» GOAL OF THE EXERCISE
Range to output from the entries below: the line containing "Kit électrique, 5" through the line containing "No Way Out: audio". Set it down exactly, ends included, nothing else.

» Source records
-=-=-=-=-
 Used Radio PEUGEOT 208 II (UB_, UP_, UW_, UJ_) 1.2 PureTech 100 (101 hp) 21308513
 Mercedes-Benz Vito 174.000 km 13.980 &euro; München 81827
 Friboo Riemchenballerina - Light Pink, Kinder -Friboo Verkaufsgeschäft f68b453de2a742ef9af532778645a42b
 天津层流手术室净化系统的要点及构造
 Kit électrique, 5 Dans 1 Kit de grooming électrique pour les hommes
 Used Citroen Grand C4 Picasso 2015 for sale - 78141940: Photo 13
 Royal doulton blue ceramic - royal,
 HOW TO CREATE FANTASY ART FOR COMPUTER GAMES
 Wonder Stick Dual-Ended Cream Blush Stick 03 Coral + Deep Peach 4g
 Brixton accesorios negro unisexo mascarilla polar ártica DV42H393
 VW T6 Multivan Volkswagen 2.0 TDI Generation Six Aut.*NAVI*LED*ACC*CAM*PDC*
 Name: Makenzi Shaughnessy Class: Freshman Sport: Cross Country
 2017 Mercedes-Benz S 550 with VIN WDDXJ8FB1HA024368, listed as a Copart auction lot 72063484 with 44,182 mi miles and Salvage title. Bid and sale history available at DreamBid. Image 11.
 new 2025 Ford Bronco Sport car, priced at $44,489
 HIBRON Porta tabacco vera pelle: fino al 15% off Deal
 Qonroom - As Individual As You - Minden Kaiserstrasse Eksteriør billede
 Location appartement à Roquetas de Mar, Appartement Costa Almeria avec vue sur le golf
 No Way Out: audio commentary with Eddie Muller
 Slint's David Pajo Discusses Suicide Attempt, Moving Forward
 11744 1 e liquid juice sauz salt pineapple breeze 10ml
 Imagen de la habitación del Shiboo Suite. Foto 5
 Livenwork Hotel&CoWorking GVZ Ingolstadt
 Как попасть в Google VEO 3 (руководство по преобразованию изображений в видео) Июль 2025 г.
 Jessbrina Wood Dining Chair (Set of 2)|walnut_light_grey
-=-=-=-=-
» EXERCISE RESULT
 Kit électrique, 5 Dans 1 Kit de grooming électrique pour les hommes
 Used Citroen Grand C4 Picasso 2015 for sale - 78141940: Photo 13
 Royal doulton blue ceramic - royal,
 HOW TO CREATE FANTASY ART FOR COMPUTER GAMES
 Wonder Stick Dual-Ended Cream Blush Stick 03 Coral + Deep Peach 4g
 Brixton accesorios negro unisexo mascarilla polar ártica DV42H393
 VW T6 Multivan Volkswagen 2.0 TDI Generation Six Aut.*NAVI*LED*ACC*CAM*PDC*
 Name: Makenzi Shaughnessy Class: Freshman Sport: Cross Country
 2017 Mercedes-Benz S 550 with VIN WDDXJ8FB1HA024368, listed as a Copart auction lot 72063484 with 44,182 mi miles and Salvage title. Bid and sale history available at DreamBid. Image 11.
 new 2025 Ford Bronco Sport car, priced at $44,489
 HIBRON Porta tabacco vera pelle: fino al 15% off Deal
 Qonroom - As Individual As You - Minden Kaiserstrasse Eksteriør billede
 Location appartement à Roquetas de Mar, Appartement Costa Almeria avec vue sur le golf
 No Way Out: audio commentary with Eddie Muller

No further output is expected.